I am still not quite sure what is the formal null hypothesis here. I have an example which may help you if that is the type of hypothesis you are trying to test. In my case I have 2 groups - A and B - could be different genders, age groups, etc. They have some data (responses) associated with them - could be answers, their blood pressure, anything really. I have simply drawn some random numbers with a different mean in my example. Now, my test here is that there is no difference in the mean response: H_0: \mu_A = \mu_B, where \mu is the population mean.
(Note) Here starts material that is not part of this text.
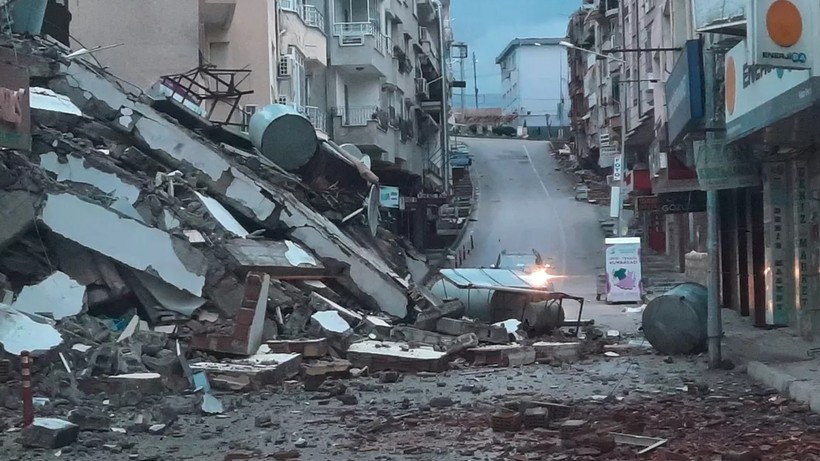 O ülkede deprem meydana geldi! - Resim: 7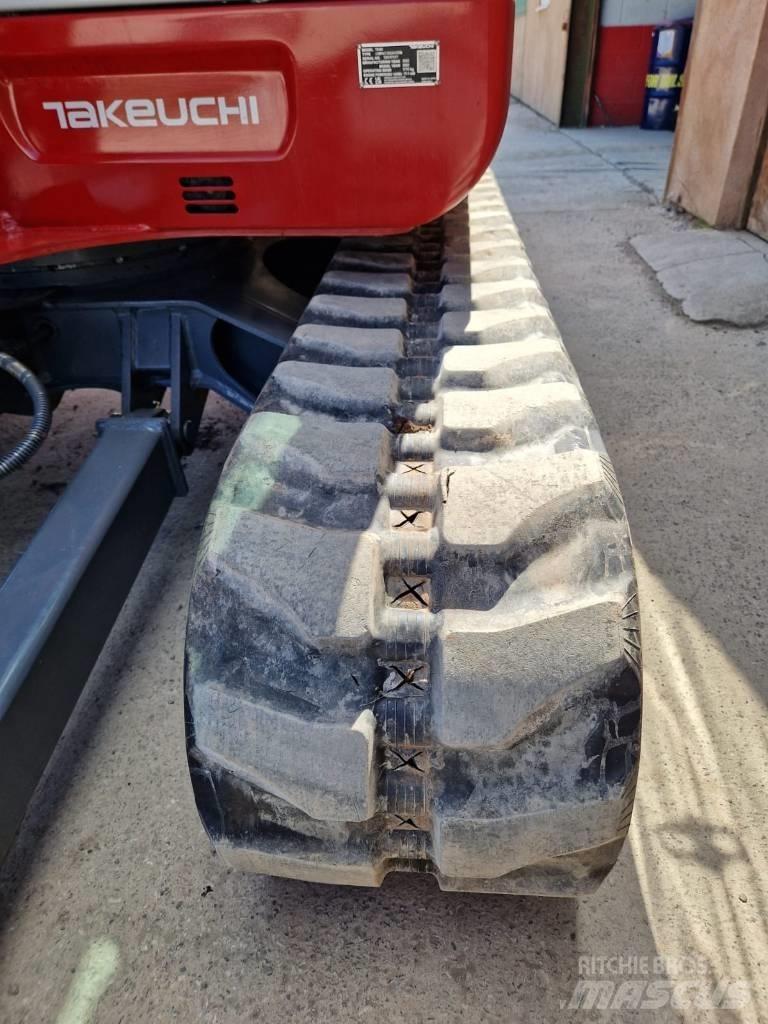 Takeuchi TB 260 Minikoparki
You would then test this as follows:
set.seed(1)
responses_A <- rnorm(100, 0, 1) # Group A has a mean 0
responses_B <- rnorm(100, 1, 1) # Group B has a mean 1
t_test <- t.test(responses_A, responses_B)
t_test
#>
#> Welch Two Sample t-test
#>
#> data: responses_A and responses_B
#> t = -6.4983, df = 197.19, p-value = 6.492e-10
#> alternative hypothesis: true difference in means is not equal to 0
#> 95 percent confidence interval:
#> -1.1122615 -0.5943477
#> sample estimates:
#> mean of x mean of y
#> 0.1088874 0.9621919
The test statistic is t=-6.4983
with a p-value = 6.492e-10
, so in this case as expected the means in groups A and B are statistically different (at any "normal" confidence level), i.e., the null hypothesis is rejected.